As a side point, it is also quite interesting to note that phrases like ‘word of the Lord’‘word of God’, or ‘word’ do not usually refer to the graphe or written Scripture. It can refer to such, but not normally. God’s word – not just that in the text of Scripture – was always being spoken, even if it wasn’t recorded in the canon of Scripture (e.g., 1 Sam 10:10-13 and 1 Tim 1:18-19). Again, it’s part and parcel to be a living, personal being that desires to communicate. Here are some other examples below where the above phrases do not refer to the written Scripture:

  • Word of God – Luke 3:2
  • Word of God – Acts 4:31
  • Word of God – Acts 6:7
  • Word of God – Acts 12:24
  • Word of the Lord – Acts 13:44, 48-49
  • Word of the Lord – Acts 19:20
  • Word of the Lord – 1 Thess 1:8
  • The are countless times the word ‘word’ arises and does not refer to Scripture

6) God spoke through those who were not prophets or apostles

Even if one wants to argue that apostles and prophets do not exist today, there are still plenty of examples of others who were used to speak forth prophecy or used in other extraordinary gifts.
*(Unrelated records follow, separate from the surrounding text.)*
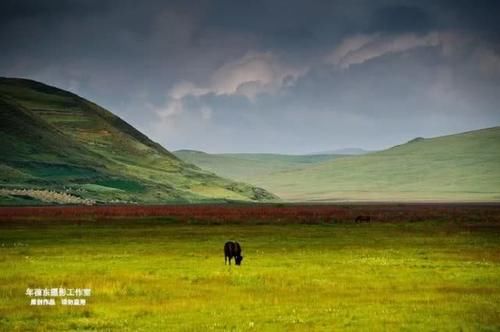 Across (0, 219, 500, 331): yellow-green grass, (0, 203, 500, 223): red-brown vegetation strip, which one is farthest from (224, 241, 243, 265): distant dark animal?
(0, 203, 500, 223): red-brown vegetation strip

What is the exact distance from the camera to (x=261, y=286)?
3397 cm

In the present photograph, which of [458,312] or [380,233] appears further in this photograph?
[380,233]

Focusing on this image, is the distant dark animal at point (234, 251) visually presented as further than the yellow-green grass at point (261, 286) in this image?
Yes

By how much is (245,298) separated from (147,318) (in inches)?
220

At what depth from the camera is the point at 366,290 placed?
3256 cm

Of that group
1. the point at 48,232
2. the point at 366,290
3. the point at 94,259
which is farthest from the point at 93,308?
the point at 48,232

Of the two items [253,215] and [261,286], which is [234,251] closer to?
[261,286]

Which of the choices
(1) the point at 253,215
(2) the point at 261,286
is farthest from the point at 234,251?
(1) the point at 253,215

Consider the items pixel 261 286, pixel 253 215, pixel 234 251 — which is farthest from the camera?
pixel 253 215

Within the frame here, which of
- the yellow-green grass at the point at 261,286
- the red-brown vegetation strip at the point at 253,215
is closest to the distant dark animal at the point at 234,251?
the yellow-green grass at the point at 261,286

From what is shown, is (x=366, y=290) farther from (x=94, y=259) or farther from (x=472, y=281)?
(x=94, y=259)

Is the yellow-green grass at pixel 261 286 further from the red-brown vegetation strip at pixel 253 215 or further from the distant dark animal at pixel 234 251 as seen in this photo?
the red-brown vegetation strip at pixel 253 215

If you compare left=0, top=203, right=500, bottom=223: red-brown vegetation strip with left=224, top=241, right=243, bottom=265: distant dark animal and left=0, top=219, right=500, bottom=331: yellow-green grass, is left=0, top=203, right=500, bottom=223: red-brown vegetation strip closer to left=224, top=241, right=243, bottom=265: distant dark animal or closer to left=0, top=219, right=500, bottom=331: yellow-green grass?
left=0, top=219, right=500, bottom=331: yellow-green grass

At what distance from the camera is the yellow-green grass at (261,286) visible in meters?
24.9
Here is a smattering from the New Testament:

  • Stephen (Acts 6:8)
  • Philip (Acts 8:4-7)
  • Ananias (Acts 9:17-18)
  • The 120 believers at Pentecost (Acts 2:4)
  • Cornelius and his household (Acts 10:46)
  • Agabus (Acts 11:37-38; 21:10-11) – he was not an apostle, but was a prophet
  • The Ephesian disciples (Acts 19:6)
  • The Galatian believers (Gal 3:5)
  • The Corinthian believers (1 Cor 14)

This should give courage to those of us who are not actually apostles or prophets (most of us!). God wants to utilise his people in such ‘charismatic’ activities since he has been doing such from the beginning.

7) The great testimony of the charismata in church history

I have already written on this topic before, which you can find here. But suffice it to say, there are plenty of examples of God, by his Spirit, speaking and acting out the charismata as found in 1 Corinthians 12.

And, a great resource to look at would be The Century of the Holy Spirit: 100 Years of Pentecostal and Charismatic Renewal by Vinson Synan. He takes time to chronicle what has happened over the past 100 years or so with the rise of the Pentecostal and charismatic movements. In today’s world, it is estimated that there are some 500 million believers associating themselves within the Pentecostal, charismatic or neo-charismatic branches of the church. And the accounts of God’s activity by his Spirit continue on into the 21st century.

Also, another book I have been made aware of, but have not yet been able to read, is Charismatic Gifts in the Early Church by Ronald Kydd.

So, suffice it to say, I find it extremely hard to argue for the cessation, or ceasing, of certain gifts of the Spirit. For me, there is an overwhelming biblical, theological and historical positive case for the continuation of such.